From exile, Sheikh Hasina mourns the four slain Awami League leaders and vows to resist conspiracies undermining Bangladesh’s founding ideals.

On the 50th anniversary of one of Bangladesh’s darkest days, exiled Prime Minister Sheikh Hasina on Monday described November 3—the Jail Killing Day—as “an extremely heartrending, painful, and ignominious day in the history of Bangladesh.”

In a statement issued from exile and shared on Awami League leader Mohammad Ali Arafat’s social media platform, Hasina paid tribute to the four national leaders—Syed Nazrul Islam, Tajuddin Ahmad, Captain M. Mansur Ali, and A.H.M. Qamaruzzaman—who were assassinated inside Dhaka Central Jail on November 3, 1975.

“These four national leaders, the most trusted confidants of the Father of the Nation, dedicated their lives to realising Bangabandhu’s dreams and ideals,” she said. “Their patriotism, integrity, honesty, and self-sacrifice will remain exemplary models for us to emulate.”

A Day of National Grief and Conspiracy

Hasina recalled that after the assassination of her father, Bangabandhu Sheikh Mujibur Rahman, along with most of his family on August 15, 1975, the “anti-independence clique” behind the coup had imprisoned his closest political allies.

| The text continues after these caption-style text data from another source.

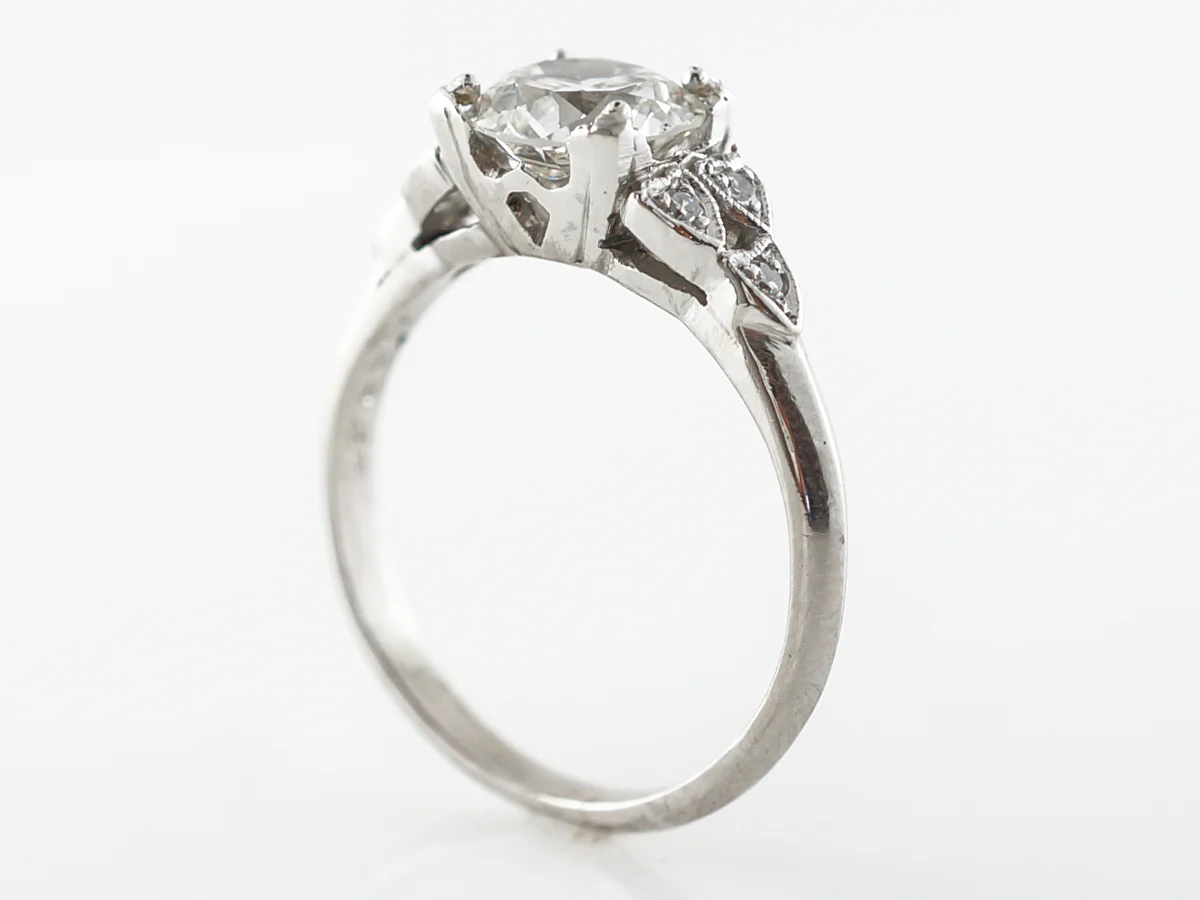 1 Carat Vintage Diamond Engagement Ring Platinum - Image 5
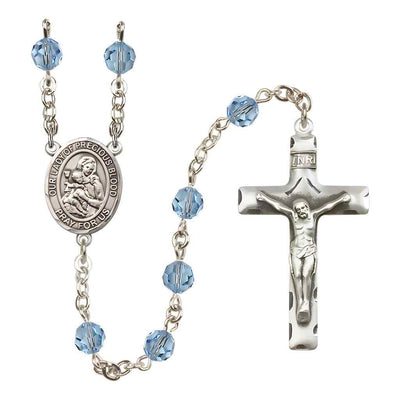 Our Lady of the Precious Blood Rosary with Sterling Silver Traditional Crucifix and Centerpiece, Birthstone 6mm Austrian Crystal Aqua Beads for March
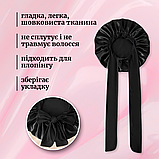 Шапка для сну жіноча на голову атласна із синтетичного штучного шовку Hechpro чорна (04), фото 2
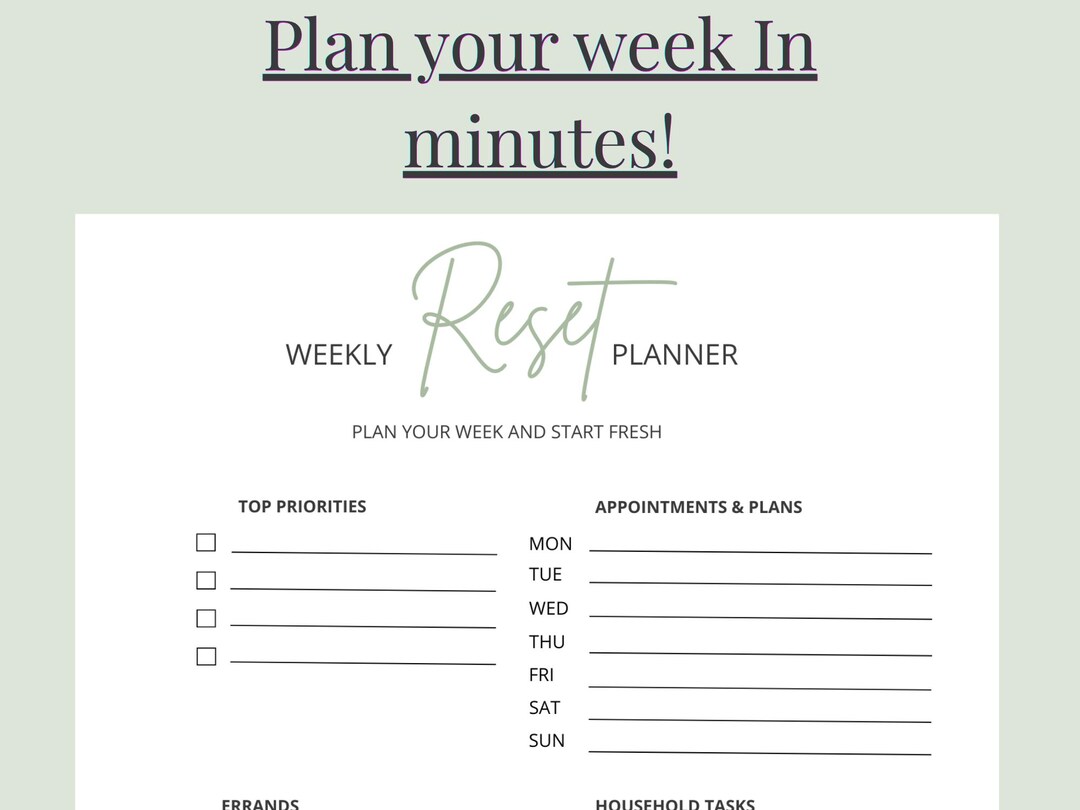 Weekly Reset Planner Printable | Weekly Planning Checklist | Busy Mom ...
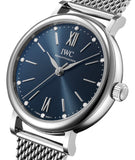  Shop Authentic IWC Portofino Automatic Blue Dial Silver Mesh Bracelet Watch for Women - IW357404 - Luxxuri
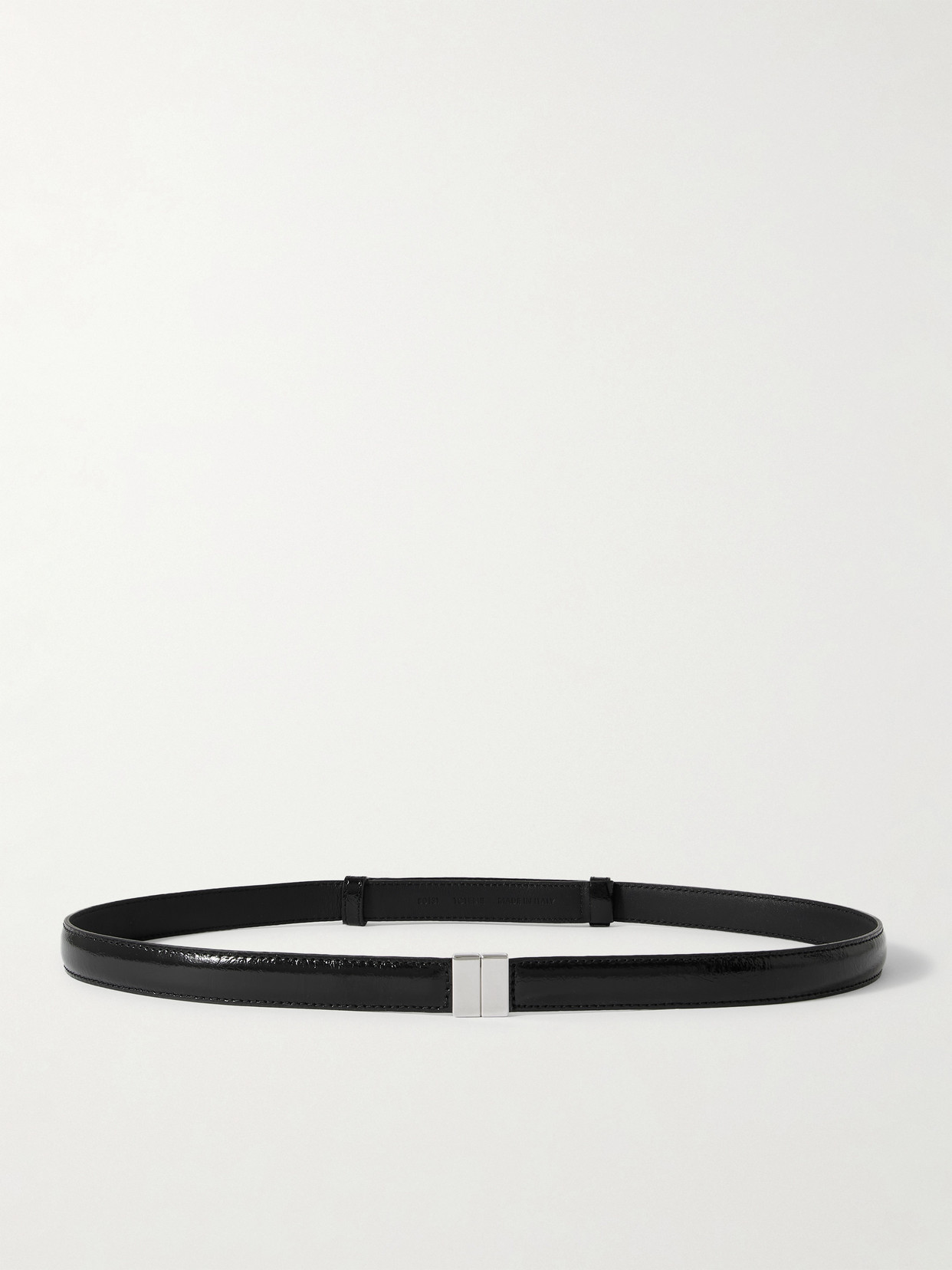 Totême Slide Glossed Leather Belt In Black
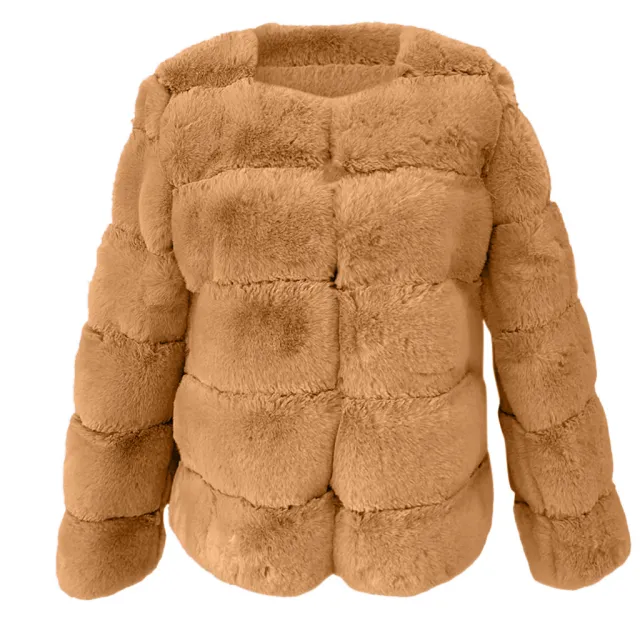 Women's Coat Fox Horizontal Stitching Artificial Fur Camel - Shop at LoveMi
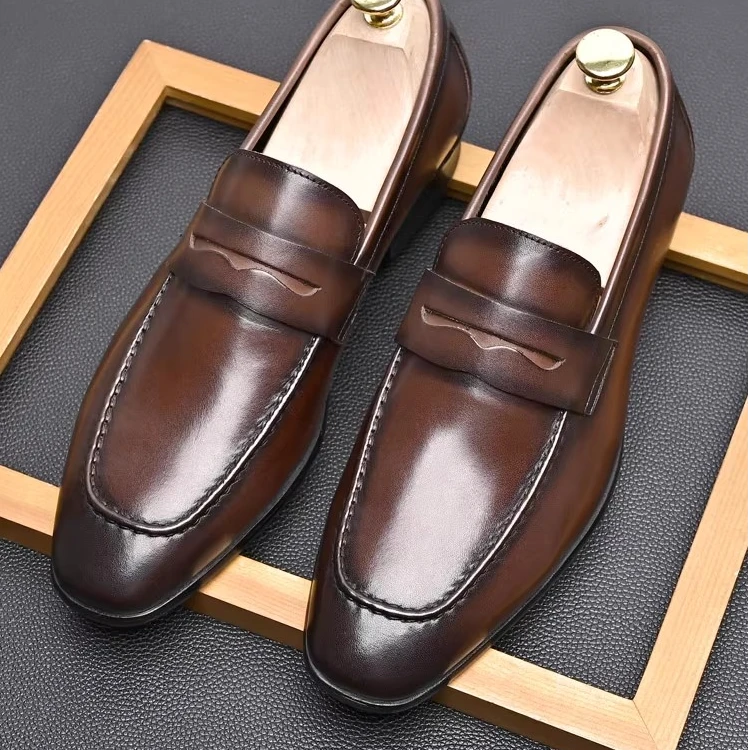 夏季新款真皮休闲皮鞋男潮英伦绅士头层牛皮一脚蹬套脚乐福鞋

“In the secure confines of Dhaka Central Jail, the assassins brutally murdered Bangabandhu’s lifelong political comrades and the principal leadership of the wartime provisional government,” she said.

The massacre, she emphasized, was “not merely the killing of four individuals” but part of a “deep conspiracy to obliterate the spirit of the Liberation War and the ideals of an independent Bangladesh.” The murders, Hasina said, were intended to render the nation leaderless and allow the defeated forces of 1971 to regain a foothold in politics.

A Legacy of Resistance

The jail killings took place less than three months after the August 15 assassination of Bangabandhu and his family, and are widely regarded as the second coup within the same year that upended Bangladesh’s democratic trajectory.

The four slain leaders had led the wartime Mujibnagar government in 1971, organizing the diplomatic, political, and military command structure that guided the Liberation War to victory.

In her message, Hasina reaffirmed that the Awami League—now operating under severe restrictions at home following her ouster in August 2024—would “never bow to any conspiracy, falsehood, or terror.”

She said the party would continue to work toward “a happy, prosperous, and modern Bangladesh free from poverty, inequality, and corruption—a country illuminated by the spirit of the Liberation War.”

Remembering Under Repression

Since Sheikh Hasina’s forced exile and the installation of an army- and Islamist-backed interim government under Nobel laureate Muhammad Yunus, state observance of Jail Killing Day has been halted. Rights organizations allege that the regime has discouraged public commemorations and removed references to the event from school curricula and state media.

For millions of Bangladeshis, however, the memory of November 3 remains inseparable from the nation’s struggle for freedom. Even as the current regime suppresses political dissent, citizens at home and abroad continue to mark the day with private prayers, seminars, and social media campaigns.

As Hasina observed, “The blood of the martyrs cannot be erased by conspiracies. Their sacrifice remains the moral foundation of our nation. The spirit of the Liberation War still guides us, even in exile.”